- Softer-than-expected PCE inflation boosts early rate cut hopes
- Global shares rise after S&P 500 comes within a whisker of its all-time high
- Yen slips as BoJ hints at no imminent policy change, dollar muted on depressed yields
Stocks get another gift from Santa
Equities look set to end the year in buoyant form as the disinflation theme continues to fuel the rally in global risk assets. Shares on Wall Street extended their year-to-date gains on Tuesday after the final major data release of 2023 endorsed the view that central banks will begin to cut rates sooner rather than later.
Core PCE inflation in the United States slowed slightly more than expected in November, easing to 3.2% y/y from a downwardly revised 3.4% y/y in October. Personal consumption was subdued for a second month but without flashing any alarm bells, all of which support the soft landing narrative.
Expectations for Fed rate cuts strengthened on the back of the data and markets are currently pricing in around 155 basis points of cuts by December 2024, widening the gap with FOMC members’ own predicted rate path.
Is inflation dead?
In the absence of any new inflationary threat and clear evidence that the American economy is no longer running on all cylinders, there’s little reason for traders at the moment to be as cautious on the inflation outlook as policymakers are.
Everything points to a slowing economy and an inflation trend that’s firmly headed downwards, so a rate cut as early as March is not that inconceivable. If there is anything that can spoil this optimism, it is an upside surprise in the next jobs report. Weekly jobless claims have been somewhat lower in December compared to November, so a strong payrolls print is possible in next week’s report. But until then, there’s little that’s likely to get in the way of the risk rally.
Global stock rally gathers pace
The S&P 500 closed at a record high on Tuesday and came close to beating its all-time intraday high from January 2022. The Nasdaq 100, meanwhile, climbed further in uncharted territory, closing at a new record peak.
The upbeat mood is continuing today in Asia and Europe where many markets are reopening after the long Christmas weekend. Shares in Hong Kong and China are some of the best performers as gaming stocks have rebounded after Beijing stepped in to reassure investors about its plans for new regulatory curbs for the gaming industry following last week’s surprise announcement that triggered a sharp selloff.
Dollar mixed as yen struggles after BoJ Summary
It was a slightly different picture in FX markets, however, as the major currencies were subdued in thin holiday trade. The US dollar slid to fresh five-month lows against a basket of currencies, as it remained pressured from falling Treasury yields. The euro advanced further above the $1.10 handle, but sterling was slightly softer.

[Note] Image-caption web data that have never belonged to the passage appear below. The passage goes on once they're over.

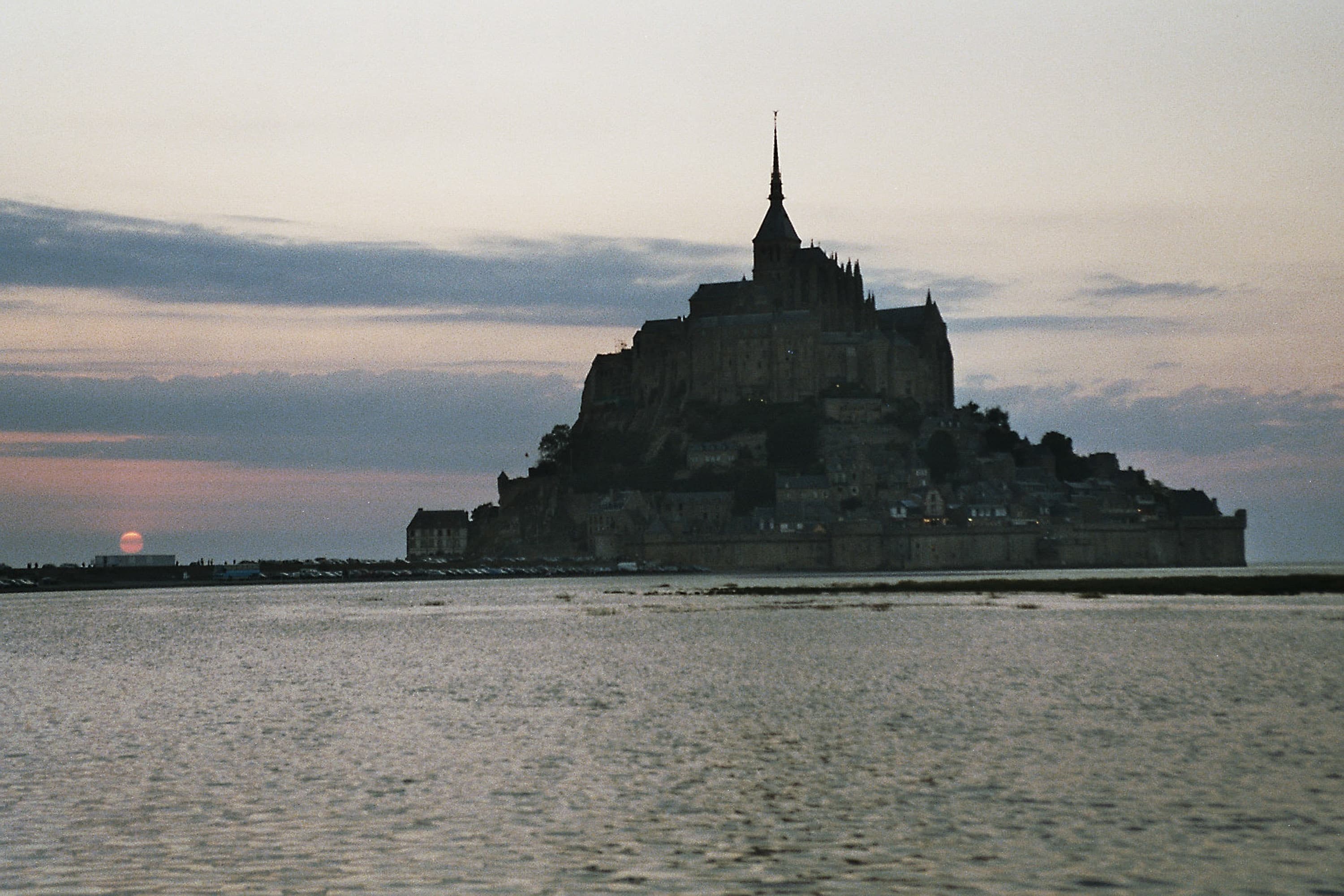 Mont Saint-Michel bei Sonnenuntergang, Normandie 2002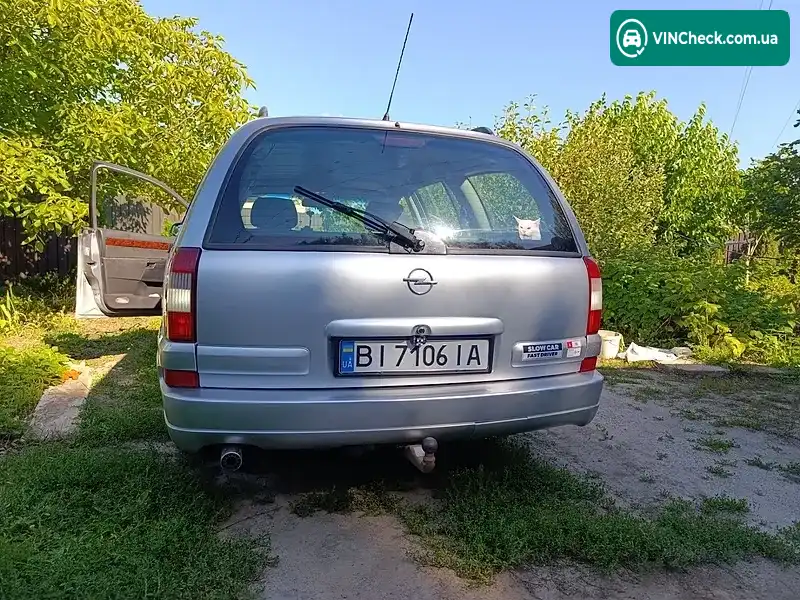 Opel Omega 2000, фото з оголошення 2 з 19, VIN W0L0VBM35Y1158404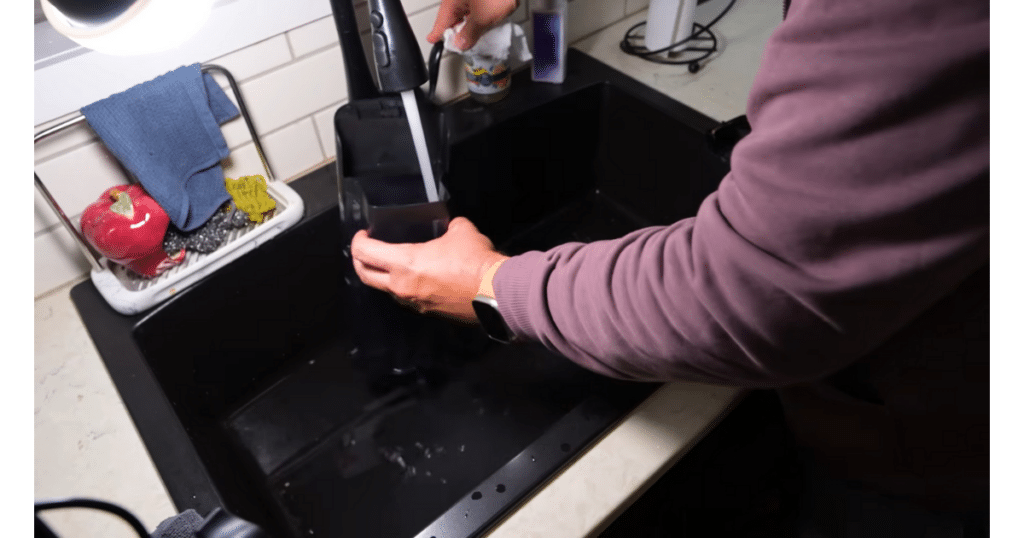 Tineco Floor One S9 Artist Steam washing | Vacuum Wars Rinsing the Tineco Floor One S9 Artist Steam dirty water tank after FlashDry self-cleaning for easier vacuum mop maintenance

The Japanese yen was also weaker on Wednesday after the Summary of Opinions of the Bank of Japan's December policy meeting did not suggest that a rate hike was imminent. Policymakers appeared split on the need to make an early exit from stimulus. Comments from Governor Ueda on Monday indicated that the Bank is still waiting to see signs of more sustainable wage growth before making any decision.
If it wasn’t for the rate cut wagers for the Fed, the yen would likely be facing a steeper selloff right now. Nevertheless, with the dollar on the backfoot and the BoJ in wait-and-see mode, the yen might manage to hold steady for a while.